Cloudera Data Engineering concepts

Learn about some basic concepts behind Cloudera Data Engineering service to better understand how you can use the command line interface (CLI).

Cloudera Data Engineering has three main concepts:

job

A 'job' is a definition of something that Cloudera Data Engineering can run. For example, the information required to run a jar file on Spark with specific configurations.

job run

A 'job run' is an execution of a job. For example, one run of a Spark job on a Cloudera Data Engineering cluster.

session

A 'session' is an interactive short-lived development environment for running Spark commands to help you iterate upon and build your Spark workloads.

resource

A 'resource' refers to a job dependency that must be available to jobs at runtime. Currently the following resource types are supported:

files is a directory of files that you can upload to Cloudera Data Engineering pods into a standard location (/app/mount). This is typically for application (for example, .jar or .py files) and reference files, and not the data that the job run will operate on. Multiple files resources can be referenced in a single job.
python-env is used to provide custom Python dependencies to the job as a Python virtual environment which is automatically configured. Up to one python-env resource can be specified per job definition.

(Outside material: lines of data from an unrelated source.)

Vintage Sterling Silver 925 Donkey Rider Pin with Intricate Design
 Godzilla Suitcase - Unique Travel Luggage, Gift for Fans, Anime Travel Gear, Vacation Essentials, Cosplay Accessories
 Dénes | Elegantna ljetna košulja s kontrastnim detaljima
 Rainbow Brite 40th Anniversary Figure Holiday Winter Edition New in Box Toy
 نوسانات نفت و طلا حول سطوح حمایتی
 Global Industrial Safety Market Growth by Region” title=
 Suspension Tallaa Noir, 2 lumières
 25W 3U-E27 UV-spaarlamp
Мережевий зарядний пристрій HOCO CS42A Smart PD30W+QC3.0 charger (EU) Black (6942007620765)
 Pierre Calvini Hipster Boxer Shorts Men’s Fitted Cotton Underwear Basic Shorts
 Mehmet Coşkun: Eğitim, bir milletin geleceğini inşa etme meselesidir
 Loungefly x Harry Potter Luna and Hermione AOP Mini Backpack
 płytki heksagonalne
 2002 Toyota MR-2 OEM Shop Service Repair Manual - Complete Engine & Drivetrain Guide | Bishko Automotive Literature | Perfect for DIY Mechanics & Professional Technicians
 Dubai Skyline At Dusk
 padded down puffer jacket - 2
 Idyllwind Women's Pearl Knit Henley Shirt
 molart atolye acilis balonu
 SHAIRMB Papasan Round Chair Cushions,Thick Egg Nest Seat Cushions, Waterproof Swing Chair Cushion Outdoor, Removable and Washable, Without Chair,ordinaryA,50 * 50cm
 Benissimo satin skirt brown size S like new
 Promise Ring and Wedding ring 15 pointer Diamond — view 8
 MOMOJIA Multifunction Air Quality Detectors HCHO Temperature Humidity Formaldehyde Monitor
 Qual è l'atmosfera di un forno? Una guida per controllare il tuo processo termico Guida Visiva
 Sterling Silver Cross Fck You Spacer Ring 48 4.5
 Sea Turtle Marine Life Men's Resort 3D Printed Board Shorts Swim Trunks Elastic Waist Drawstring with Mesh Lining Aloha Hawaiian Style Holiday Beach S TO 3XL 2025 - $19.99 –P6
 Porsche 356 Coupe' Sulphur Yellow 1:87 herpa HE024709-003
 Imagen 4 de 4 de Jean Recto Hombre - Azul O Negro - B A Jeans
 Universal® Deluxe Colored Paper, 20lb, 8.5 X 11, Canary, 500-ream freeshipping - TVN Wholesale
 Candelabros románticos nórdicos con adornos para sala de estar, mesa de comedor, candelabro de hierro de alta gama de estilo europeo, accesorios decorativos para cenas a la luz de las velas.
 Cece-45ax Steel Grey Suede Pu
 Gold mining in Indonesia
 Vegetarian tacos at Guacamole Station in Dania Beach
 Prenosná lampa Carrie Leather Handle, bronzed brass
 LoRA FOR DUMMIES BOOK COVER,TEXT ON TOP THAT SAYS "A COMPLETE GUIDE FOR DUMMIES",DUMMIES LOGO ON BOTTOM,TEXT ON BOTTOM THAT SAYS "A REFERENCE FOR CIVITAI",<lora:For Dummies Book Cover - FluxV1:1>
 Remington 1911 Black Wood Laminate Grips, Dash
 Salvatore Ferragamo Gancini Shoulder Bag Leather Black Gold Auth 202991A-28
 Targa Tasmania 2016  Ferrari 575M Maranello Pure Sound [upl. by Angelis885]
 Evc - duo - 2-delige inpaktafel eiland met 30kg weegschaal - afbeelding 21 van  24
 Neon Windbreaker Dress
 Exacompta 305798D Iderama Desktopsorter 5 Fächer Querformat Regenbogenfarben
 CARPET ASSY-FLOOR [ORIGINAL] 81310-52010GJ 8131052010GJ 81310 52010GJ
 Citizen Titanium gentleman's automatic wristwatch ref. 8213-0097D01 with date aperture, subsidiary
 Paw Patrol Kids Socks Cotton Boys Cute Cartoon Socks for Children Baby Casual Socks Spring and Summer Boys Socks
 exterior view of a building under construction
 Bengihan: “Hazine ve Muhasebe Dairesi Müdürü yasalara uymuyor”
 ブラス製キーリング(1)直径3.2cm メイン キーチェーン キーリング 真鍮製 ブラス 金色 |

In addition, to support jobs with custom requirements, Cloudera Data Engineering also allows users to manage credentials which can be used at job run time. Currently, only custom Docker registry credentials are supported.

Submitting versus running a job

The cde spark submit and cde airflow submit commands automatically create a new job and a new resource, submit the job as a job run, and when the job run terminates they delete the job and resources.

A cde job run requires a job and all necessary resources to be created and uploaded to the Cloudera Data Engineering cluster beforehand. The advantage of creating resources and jobs ahead of time is that resources can be reused across jobs, and that jobs can be run using only a job name.